Faut-il encore maintenir la fonction publique guinéenne dans sa configuration actuelle ?

La question mérite d’être posée sans détour. Héritée d’une matrice administrative largement façonnée depuis l’époque coloniale, notre fonction publique demeure enfermée dans des réflexes de centralisation, de rigidité statutaire et d’accumulation d’effectifs qui ne garantissent ni performance, ni efficacité, ni innovation. À force de confondre volume et productivité, nous avons parfois transformé l’administration en un espace de présence plus que de résultats.

Depuis l’indépendance, la Guinée a conservé un modèle de gestion publique peu révisé dans ses fondements, alors même que les réalités de gouvernance, d’organisation et de pilotage ont profondément changé. Aujourd’hui, il devient indispensable de sortir d’une logique de recrutement de masse, souvent pensée pour absorber du chômage administratif, au lieu de répondre à des besoins précis, mesurables et rattachés à des objectifs de service public.

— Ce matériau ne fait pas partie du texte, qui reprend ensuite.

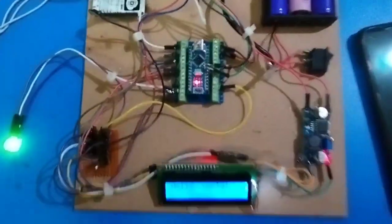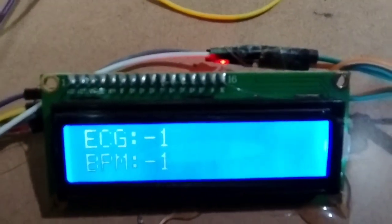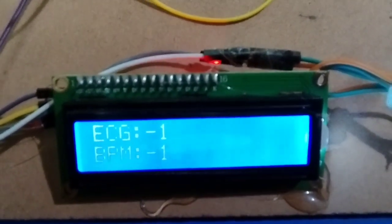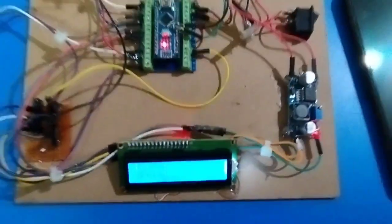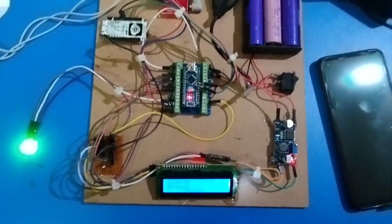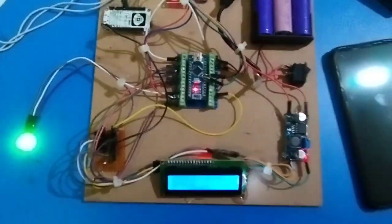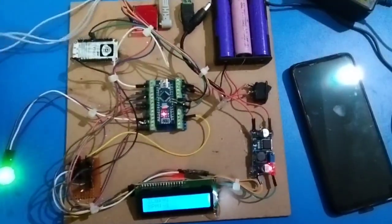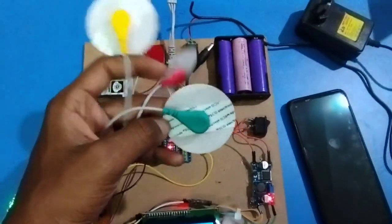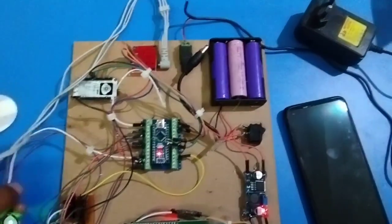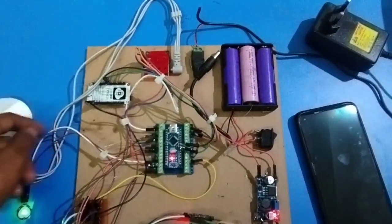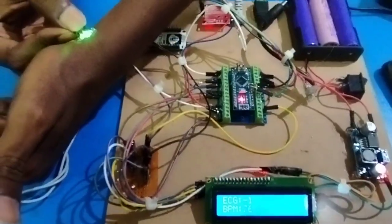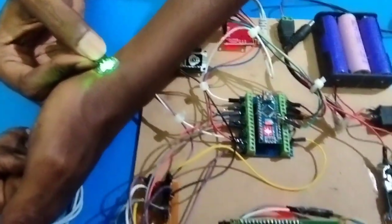You can see it's showing ECG -1 and BPM -1 because it is not initialized. We need to wait till it gets initialized. This is the ECG sensor and this is the pulse sensor. We have to place them on our body so that we will get the data. So we kept the ECG sensor positioned.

Recruter pour 30 ans ou davantage dans certains corps, sans évaluation continue des missions, revient à figer l’administration dans une inertie coûteuse.

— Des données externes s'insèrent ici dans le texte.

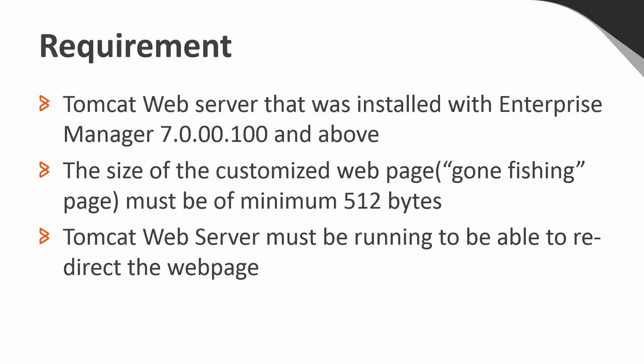The customized web page for maintenance has to be at least 512 bytes in size. In order to direct self-service login to the customized web page, the web server has to be running.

L’administration publique ne doit pas être un simple réceptacle d’emplois, mais un instrument de transformation de l’État. Or, dans de nombreux services, l’on observe encore des bureaux surchargés, des effectifs pléthoriques, des tâches redondantes, et parfois des agents sans poste effectif, régulièrement rémunérés sans contribution clairement identifiable. Cette réalité pose une question de fond : la finalité est-elle de faire de l’effectif, ou de produire des résultats ?

Il est urgent d’ouvrir une étude sectorielle rigoureuse, sans complaisance, fondée sur des données chiffrées, des cartographies de postes, des charges de travail réelles et des indicateurs de performance. Une réforme sérieuse ne peut pas reposer sur des copier-coller institutionnels importés d’ailleurs. Chaque pays a ses contraintes, ses capacités, ses priorités et sa trajectoire historique.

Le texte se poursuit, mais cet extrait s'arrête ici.